> **YOUR TASK**
Retype only the lines running from the beginning of the entries below to the line with "Köfteli Arpa Şehriye Salata", both included. Do not include pictures.

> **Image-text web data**
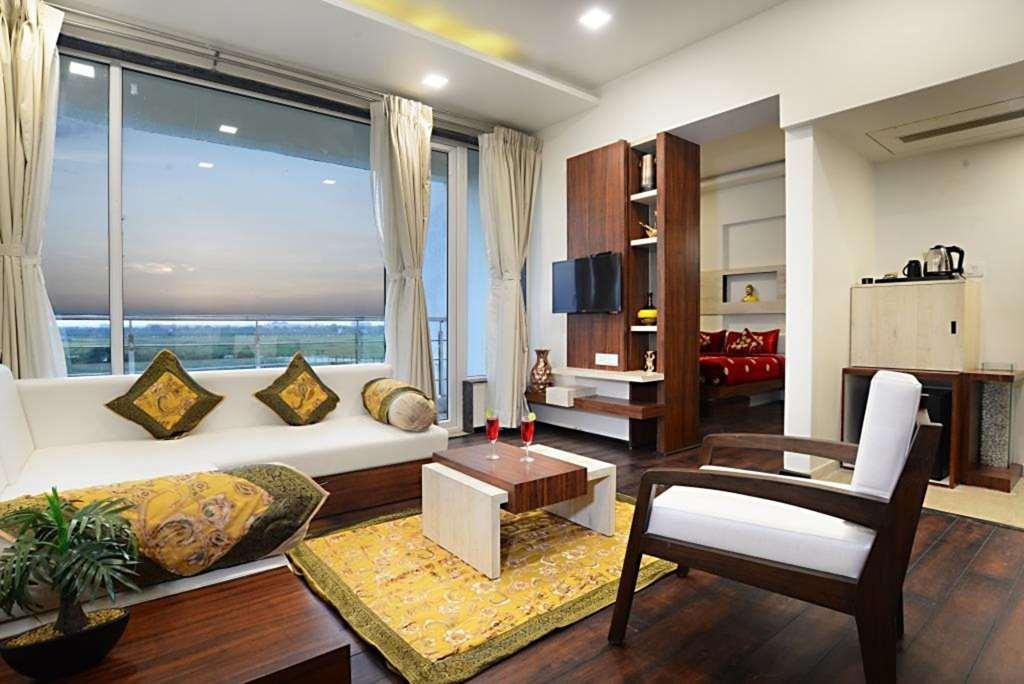 Comfort Inn Donil Vadodara Bilik gambar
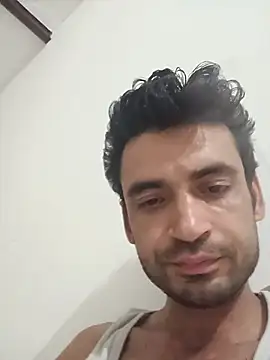 Snapshot of gauravsexy chatting on June 26, 8:46 pm gauravsexy online show from June 26, 8:46 pm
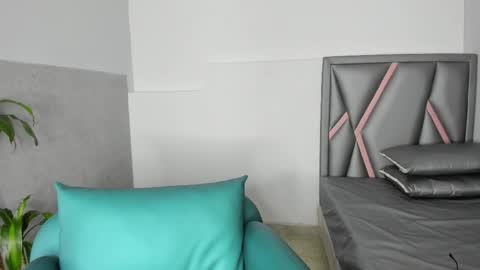 Sofa online show from September 2025 11:58:01 AM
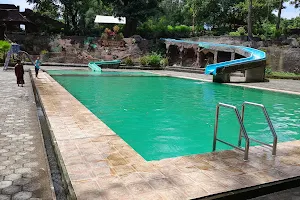 KOLAM RENANG "REBAN BELA" image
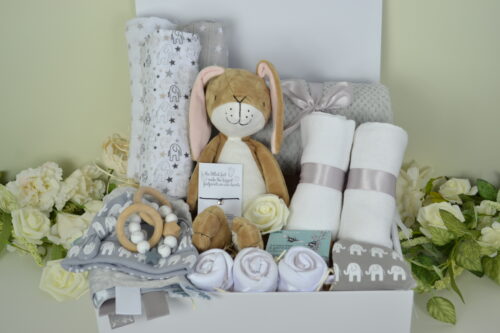 Luxury Ziggle Muslin Baby Gift Box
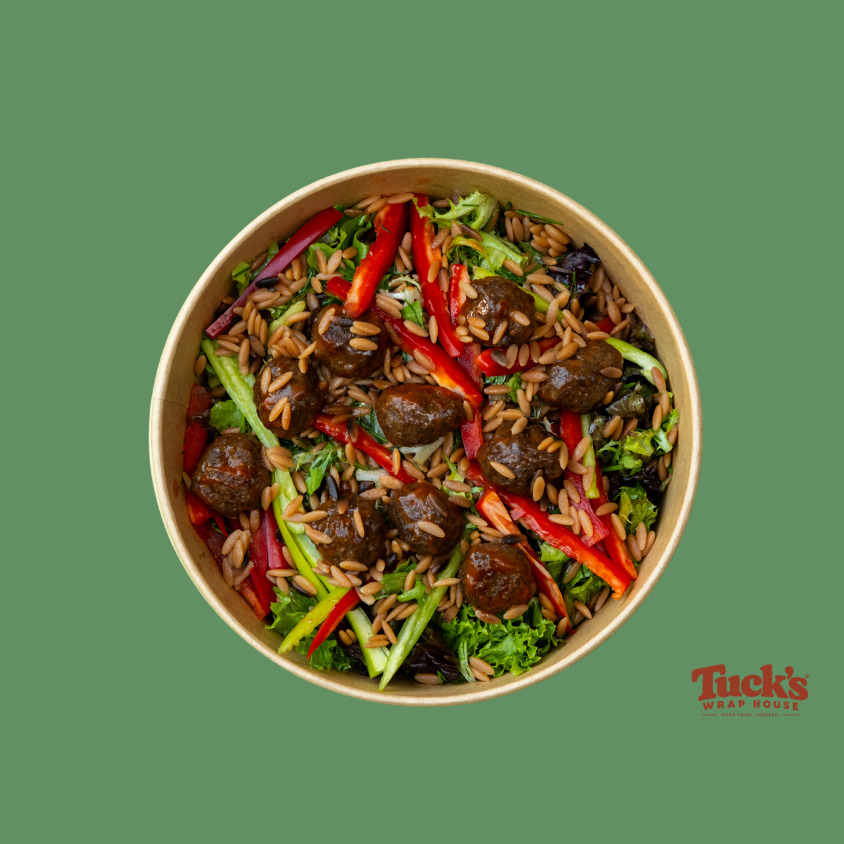 Köfteli Arpa Şehriye Salata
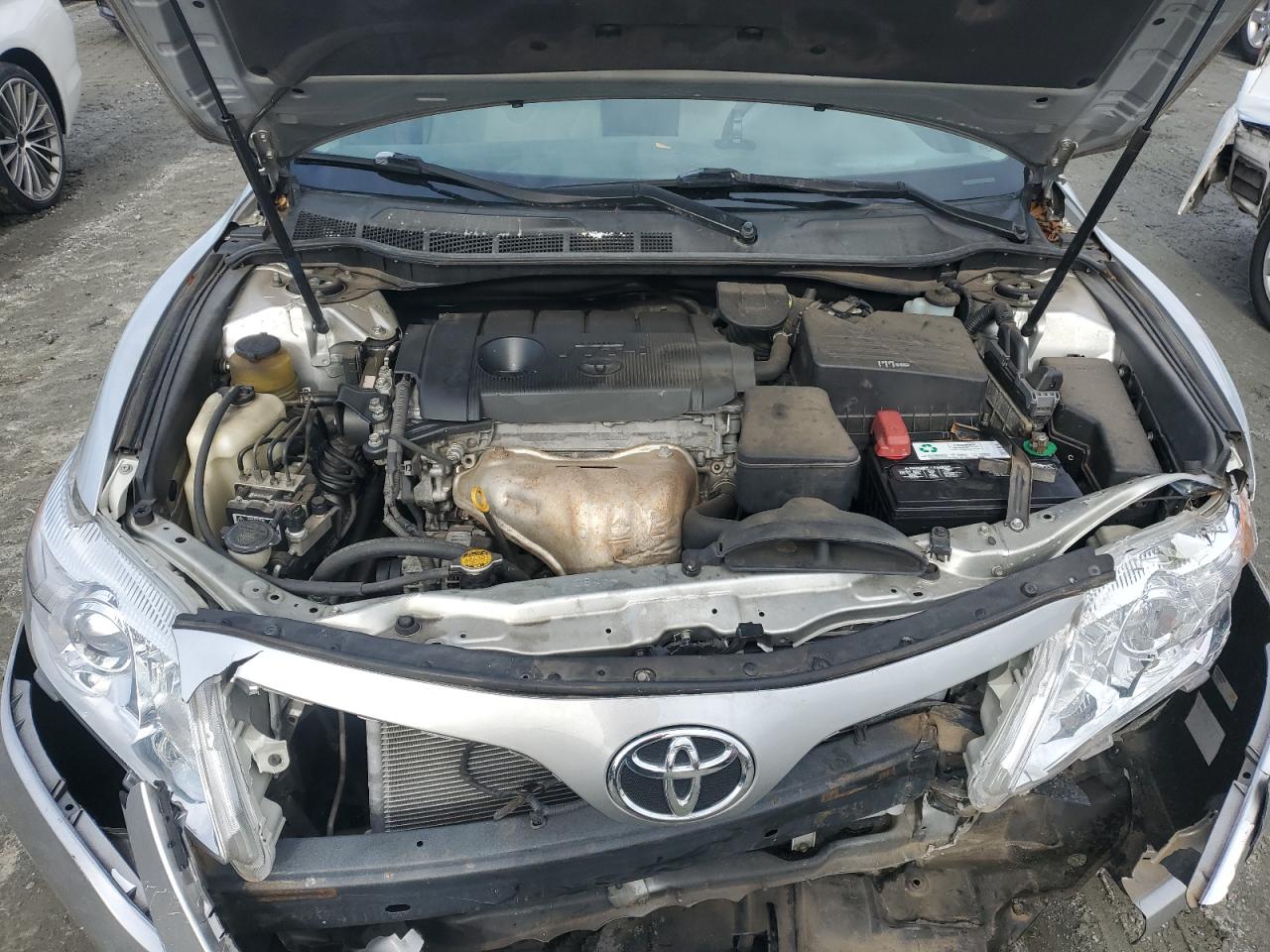 2011 Toyota Camry - Image 12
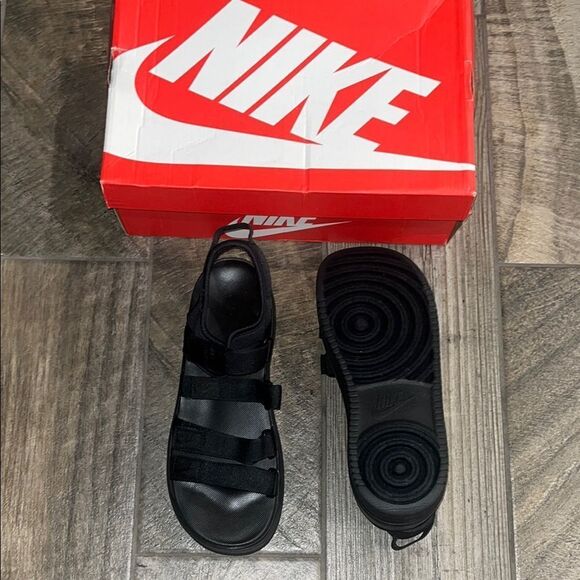 New Nike Black Platform Sandals Sporty Design - Picture 3 of 3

> **WORKED SOLUTION**
 Comfort Inn Donil Vadodara Bilik gambar
 Snapshot of gauravsexy chatting on June 26, 8:46 pm gauravsexy online show from June 26, 8:46 pm
 Sofa online show from September 2025 11:58:01 AM
 KOLAM RENANG "REBAN BELA" image
 Luxury Ziggle Muslin Baby Gift Box
 Köfteli Arpa Şehriye Salata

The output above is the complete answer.